Congratulations to the winners of this year's olive tree for having the best individual guess at Thales Day 2019 in Rundetaarn, Copenhagen.



2018


Were you asked to guess the number of cornflakes in a jar, and are you curious how many were in there, and if peoples average guess is indeed close to being currect?

The actual number of cornflakes was 1146 and the average guess was a remarkable 1149,7. Out of 270 guesses no one came closer to the correct answer. 1150 was the best individual guess but guesses varied widely- some where in the hundreds and some where in the thousands.

Judging by our experiment the phenomenon of the wisdom of the crowd truly has merit. Aristotle compared it to a potluck dinner where everyone brings a different dish and the result is surprisingly good. We will do the experiment again next year as we always do as a Thales Day ritual. We will see if our result will be as impressive. If you like the initiative behind Thales Day we welcome you to send us your email adresse and/or like us on Facebook and get updates on future Thales Day events. Before liking you can see the Facebook page HERE

Thanks a lot for participating.


The winner of an olive tree for having the best individual guess amongst participants at Thales Day in Rundetaarn, Copenhagen 2018




Why do winners get an olive tree? 


In part XI of Book 1 of his 'Politics' Aristotle tells of an illustrative anecdote in which Thales predicted that the weather would be favorable to the olive harvest the following year.

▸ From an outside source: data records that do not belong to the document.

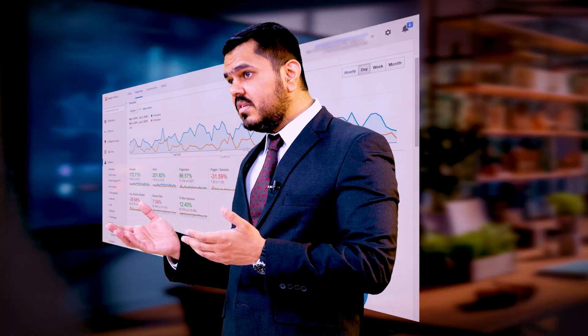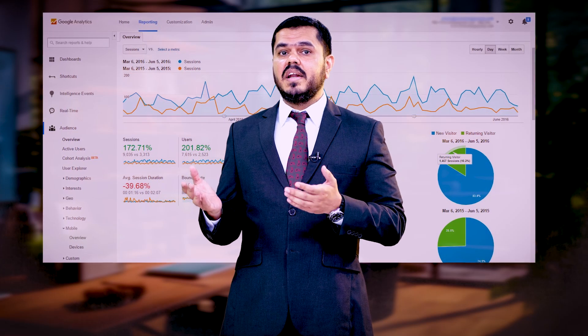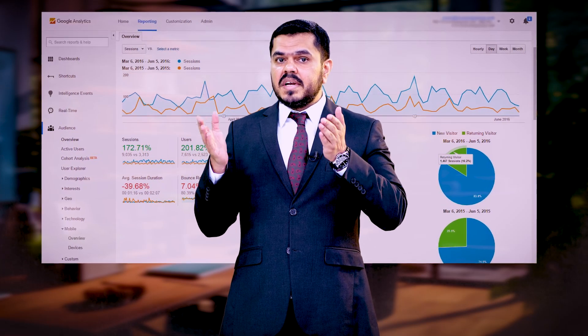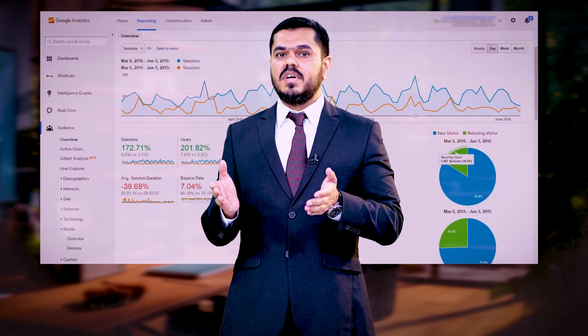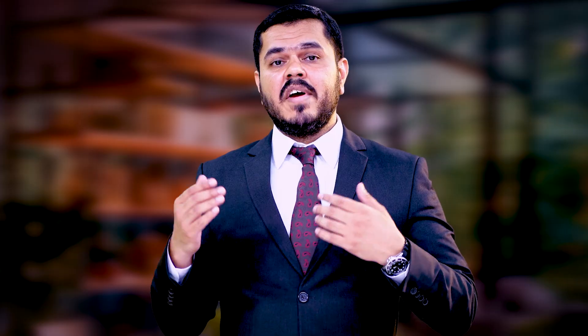It uses tracking codes that record each and every viewer interaction with your website, such as sessions, clicks, and bounce rate. By precisely tracking these interactions, you can understand how users interact with your website in reality.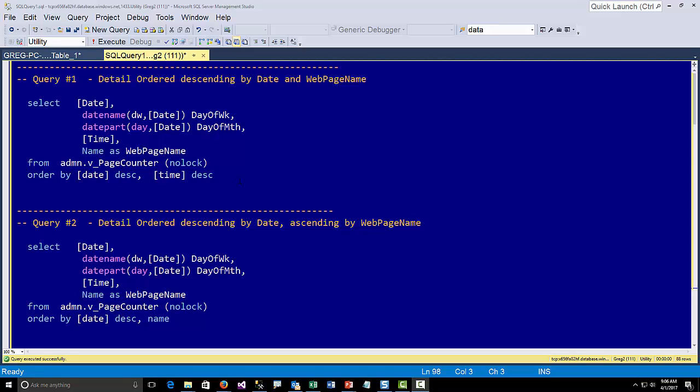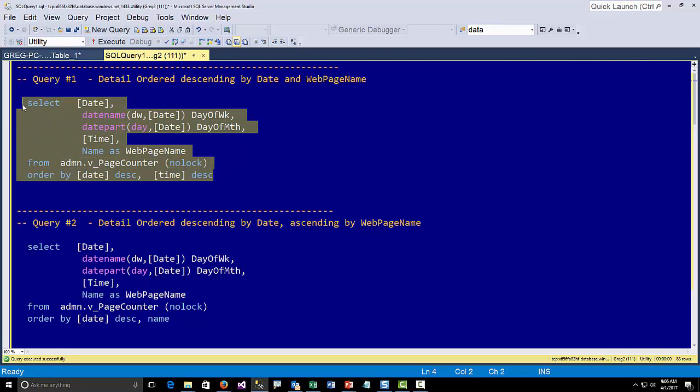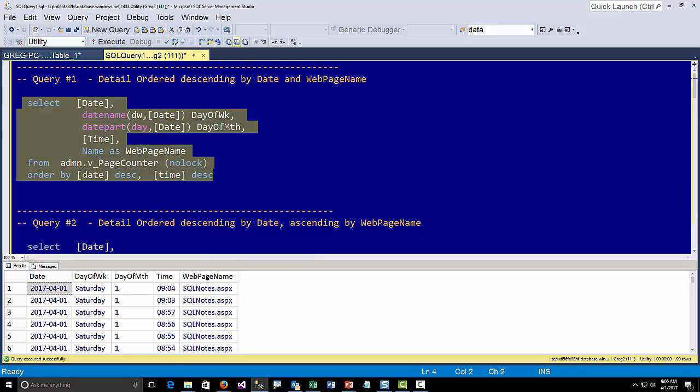First of all we're going to start off with a very simple query. The data I'm working with is for my website — I have web pages and I'm doing counts on when the web pages are hit. They're embarrassingly low, but you guys can help get those higher if you come to my website. I'm doing counts for the day on how many times certain web pages are hit, and then I can do some analysis on it. I have a table that my call procedure populates, so let's just look at the table.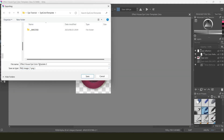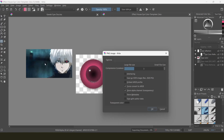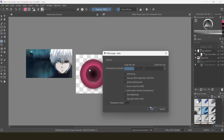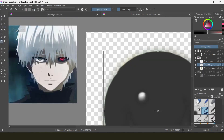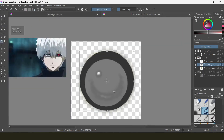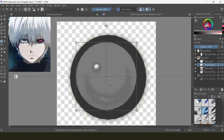Then save it as a transparent PNG. I'm going to do pretty much the same thing for the gray eye.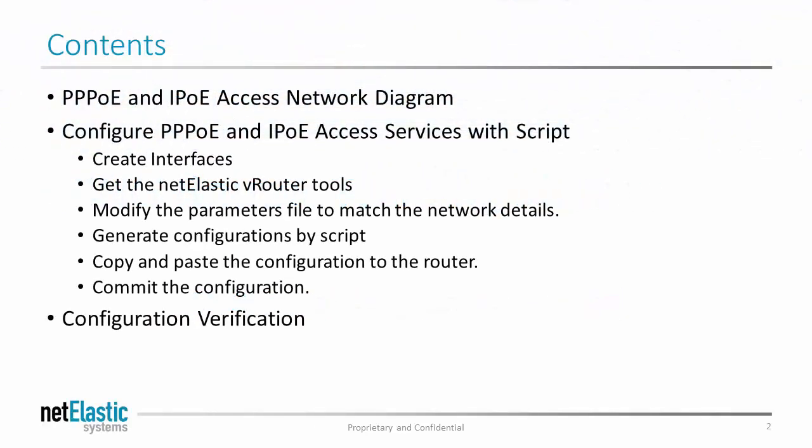Now that you have set up the VBNG router, today we'll show you how to configure PPPoE and IPOE services on the BNG router. We'll show you how to generate all the configurations by a script.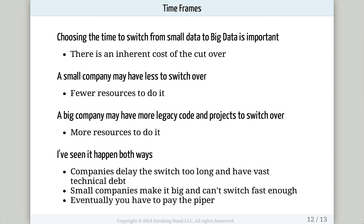One other consideration is choosing the time to switch from a small data solution to a big data solution. There's an inherent cost of cutting over, but delaying will increase your technical debt significantly. A small company may have less code to switch over but fewer resources to make the switch. A big company will have more legacy code and more projects to switch over, but more resources to accomplish it. Some companies delay the switch too long and accumulate vast technical debt — I know of one company still paying their technical debt after years of effort. Other times, small companies make it big and still are using a small data solution, then can't switch fast enough and lose customers. No matter what, you eventually have to pay the piper — the longer you delay, the more technical debt you'll have.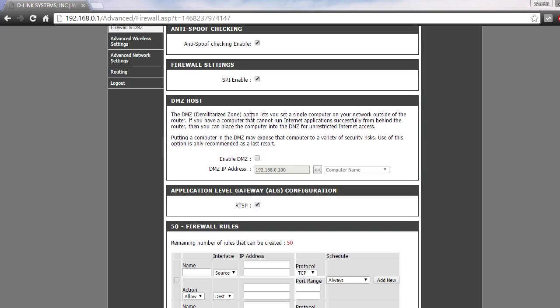Before enabling, as you can see it says here, the DMZ demilitarized zone option lets you set a single computer on a network outside of the router. If you have a computer that cannot run internet applications successfully from behind the router, you can place the computer into the DMZ for unrestricted internet access.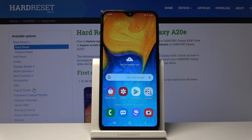Welcome! In front of me is a Samsung Galaxy A20e and today I will share with you a couple of tweaks and tricks that you can do on this device.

He therefore bought the rights to the olive presses in his hometown of Miletus and the neighbouring town. When his prediction came true and everyone needed the presses he sold the rights further on to a prize he himself fixed. He did so to show that philosophers can indeed make money but that they are interested in other things-- those other things being philosophy, which means love of knowledge and wisdom.